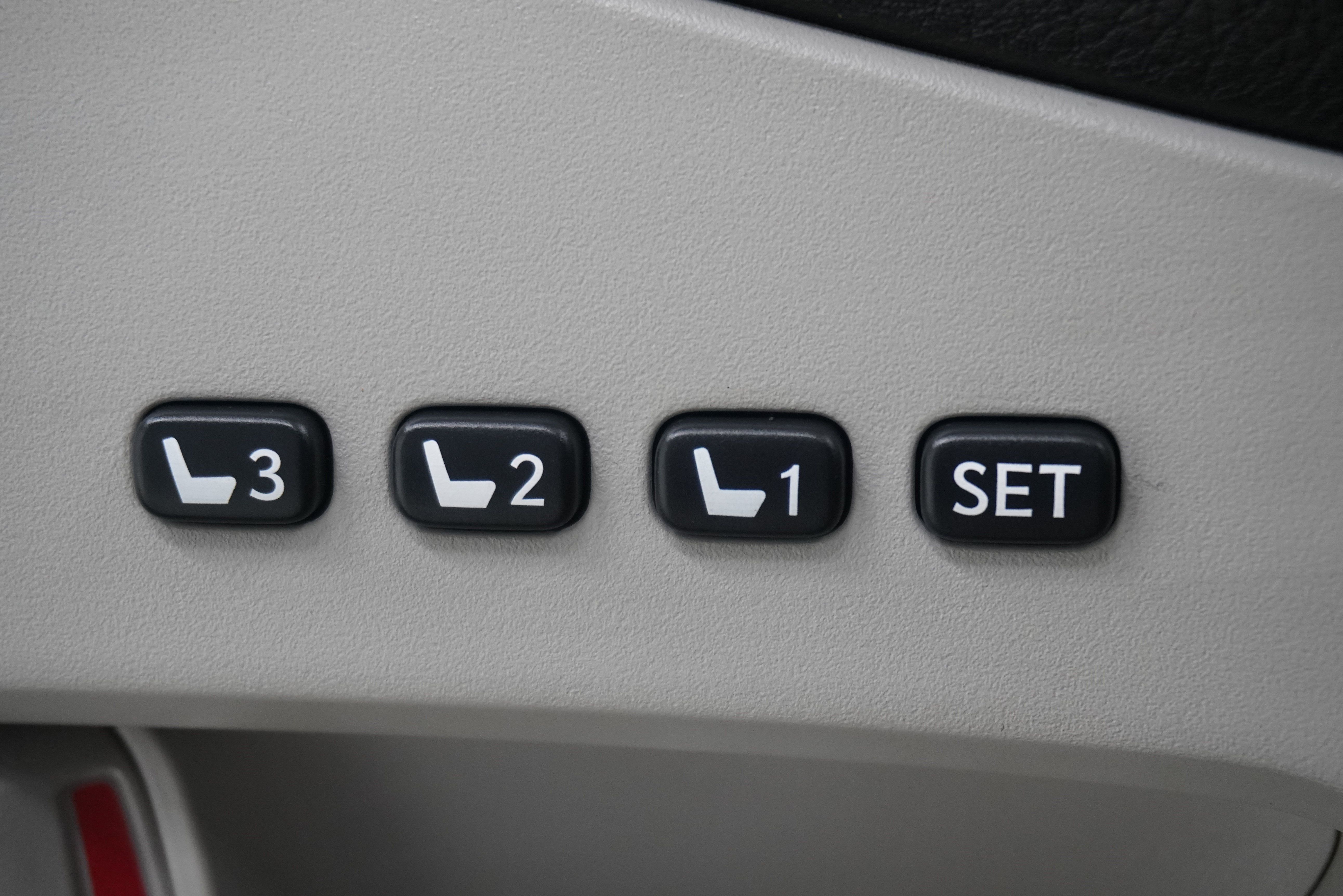 Used 2012 Lexus RX 350 FWD w/ Premium Pkg image 14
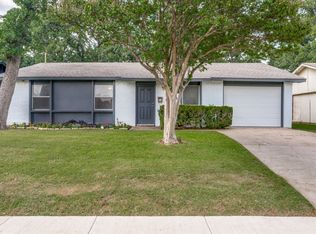 1025 Kingston Dr, Lewisville, TX 75067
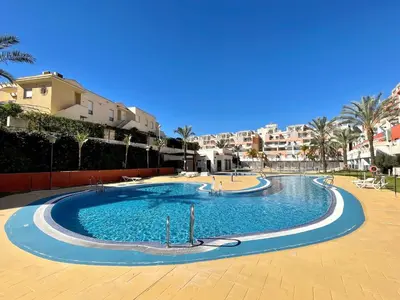 Piscina en o cerca de Apartment near beach with pools and hot tub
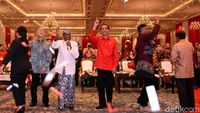 Potret Jokowi, Wapres JK dan Megawati Joget Maumere di HUT PDIP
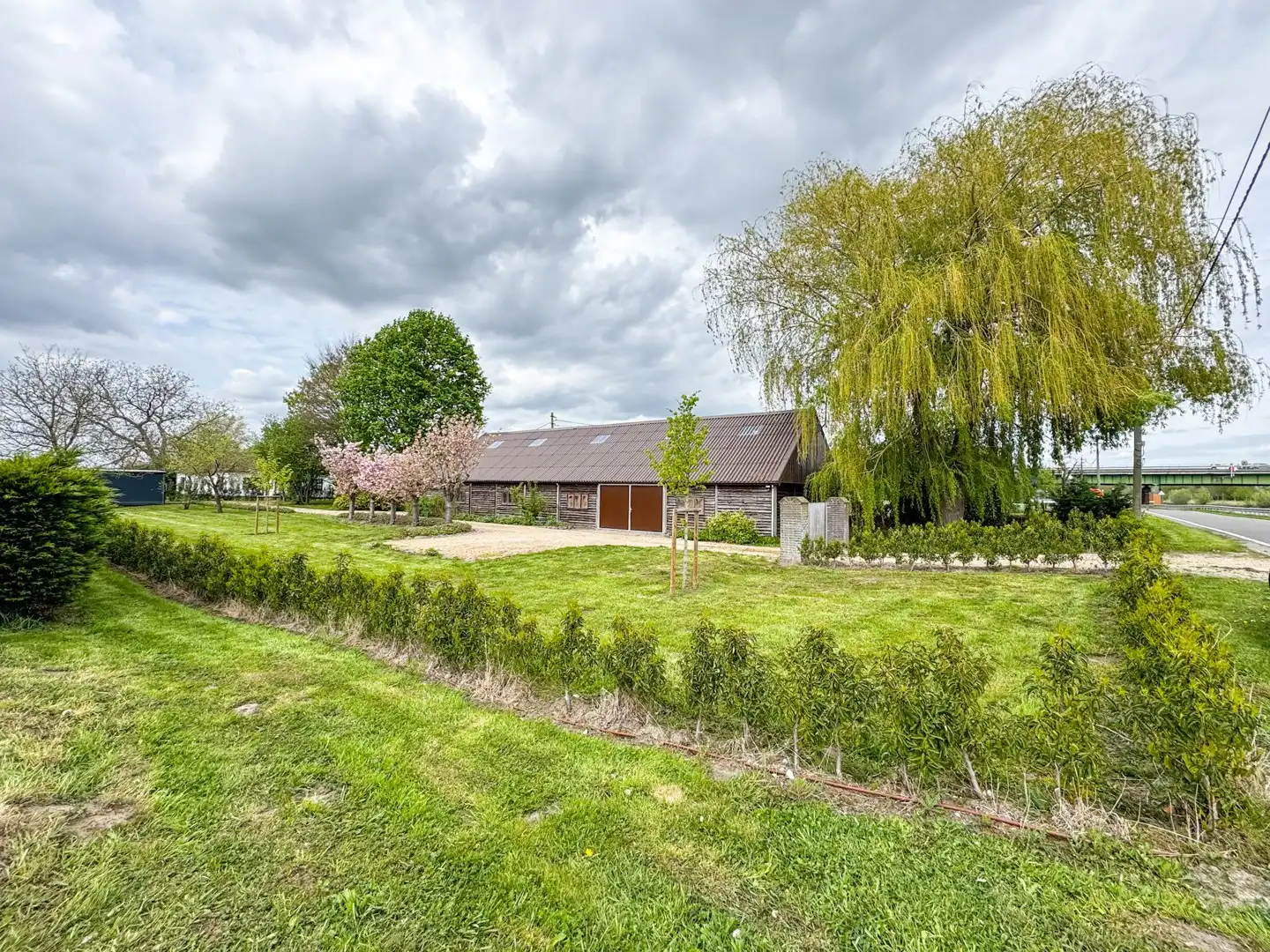 Eigendom met loods, zwembad en multifunctionele bureauruimte op een perceel van ca. 2.700 m² foto 4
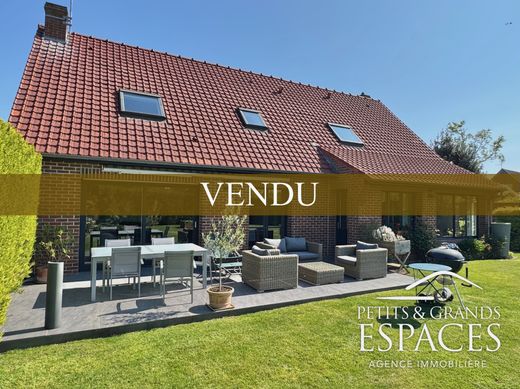 Luksusowy dom w Estreux, North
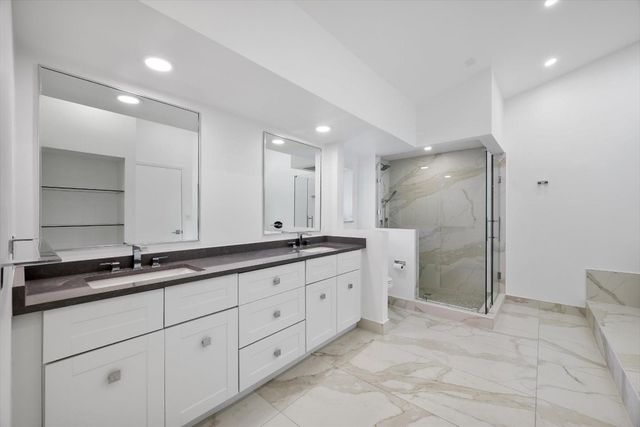 19986 NE 5th Court 4D, Miami, FL 33179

····················

TASK OBJECTIVE →
From the line with "Luksusowy dom w Estreux, North" through the final line of the records above, return each line exactly and nothing else. Pictures are to be skipped.

TASK SOLUTION →
 Luksusowy dom w Estreux, North
 19986 NE 5th Court 4D, Miami, FL 33179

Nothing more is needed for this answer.